This is closer to a Singular-style sorted term list.

#### Benefits
- better iteration locality
- attractive for term-heavy kernels
- potentially a better fit for future Gröbner-oriented algorithms

#### Drawbacks
- coefficient lookup is worse
- maintaining canonicality after insertion is more work
- incremental arithmetic is more awkward than with a tree map

This remains a plausible future alternative for performance experiments, but it is not the right move for the current cutover.

---

### E. Rebuild the core around `Finsupp`

This would maximize parity with `MvPolynomial`.

#### Benefits
- simplest bridge to Mathlib
- easiest statement of theorems
- closest surface alignment

#### Drawbacks
- gives up the explicit computable sparse runtime representation
- defeats the point of `CompPoly`’s computable multivariate layer

This is the main alternative we explicitly do **not** want.

---

## Comparison with other computer algebra systems

The chosen design is best understood as a **sparse distributed** representation.

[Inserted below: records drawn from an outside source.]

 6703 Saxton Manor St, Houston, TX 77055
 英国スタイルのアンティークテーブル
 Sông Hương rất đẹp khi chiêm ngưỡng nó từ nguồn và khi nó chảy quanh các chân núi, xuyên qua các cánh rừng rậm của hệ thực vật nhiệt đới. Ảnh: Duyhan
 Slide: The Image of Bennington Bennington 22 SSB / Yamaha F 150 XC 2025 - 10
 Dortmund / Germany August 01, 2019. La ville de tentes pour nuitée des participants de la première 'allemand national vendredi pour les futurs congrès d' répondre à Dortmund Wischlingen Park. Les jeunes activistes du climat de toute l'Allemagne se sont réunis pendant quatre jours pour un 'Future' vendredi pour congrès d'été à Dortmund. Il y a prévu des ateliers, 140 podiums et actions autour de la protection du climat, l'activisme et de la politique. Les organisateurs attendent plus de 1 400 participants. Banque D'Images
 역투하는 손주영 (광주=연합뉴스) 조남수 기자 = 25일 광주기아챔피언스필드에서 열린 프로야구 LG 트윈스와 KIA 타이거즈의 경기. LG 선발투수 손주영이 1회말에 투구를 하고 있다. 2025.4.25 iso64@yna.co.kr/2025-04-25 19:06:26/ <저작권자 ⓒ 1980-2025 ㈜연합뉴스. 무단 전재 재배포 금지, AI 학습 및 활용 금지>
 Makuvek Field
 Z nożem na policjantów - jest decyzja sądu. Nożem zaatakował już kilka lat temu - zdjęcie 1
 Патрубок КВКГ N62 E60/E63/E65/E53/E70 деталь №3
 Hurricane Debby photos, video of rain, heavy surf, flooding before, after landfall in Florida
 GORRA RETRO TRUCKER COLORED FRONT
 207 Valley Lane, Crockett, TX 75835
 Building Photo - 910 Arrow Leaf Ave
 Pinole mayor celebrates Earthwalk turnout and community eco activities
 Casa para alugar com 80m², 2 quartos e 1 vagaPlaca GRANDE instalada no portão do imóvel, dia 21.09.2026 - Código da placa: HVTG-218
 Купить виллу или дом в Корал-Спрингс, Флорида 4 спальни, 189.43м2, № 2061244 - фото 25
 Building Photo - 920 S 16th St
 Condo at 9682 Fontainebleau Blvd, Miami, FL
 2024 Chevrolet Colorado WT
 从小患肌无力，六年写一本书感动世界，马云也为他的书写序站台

### Sparse distributed systems

Examples:
- Sage generic fallback
- Maple POLY
- Mathematica’s polynomial-facing `CoefficientRules` view
- likely the practical storage view in Singular

CompPoly is closest to this family, with one extra twist:
- monomials themselves are also stored sparsely

So instead of full exponent tuples, we store only the nonzero support of each monomial.

#### Why this is good
- supports arbitrary ordered `σ`
- works naturally for infinite variable types
- avoids ambient scans
- keeps support-driven operations efficient

#### Cost
- bridge proofs to `MvPolynomial` are harder than if we stored full tuples

---

### Recursive sparse systems

Examples:
- FriCAS
- Maxima CRE polynomial form

These privilege a main variable and recurse on the coefficient side.

This can be a good design for elimination-heavy algorithms, but it is not the best fit for:
- arbitrary index types
- symmetric variable operations
- an `MvPolynomial`-aligned public surface

---

### Recursive dense systems

Example:
- SymPy `dmp`

This is the wrong fit for CompPoly’s goals:
- poor for sparse support
- poor for infinite variable types
- poor fit for an explicitly sparse computable design

---

## Current blockers

The main blocker is **not** the runtime representation itself. The runtime direction is reasonably clear.

The blocker is the proof story around **normalization**.

### The current normalization pipeline

Right now the sparse monomial normalization path is effectively:

1. sort entries by variable
2. merge adjacent duplicates
3. drop zero exponents

In the current implementation branch this is expressed through:

- `Array.qsortOrd`
- `Array.mergeAdjacentDups` from Batteries
- `filter`

This is fine computationally, but the theorem surface is weak.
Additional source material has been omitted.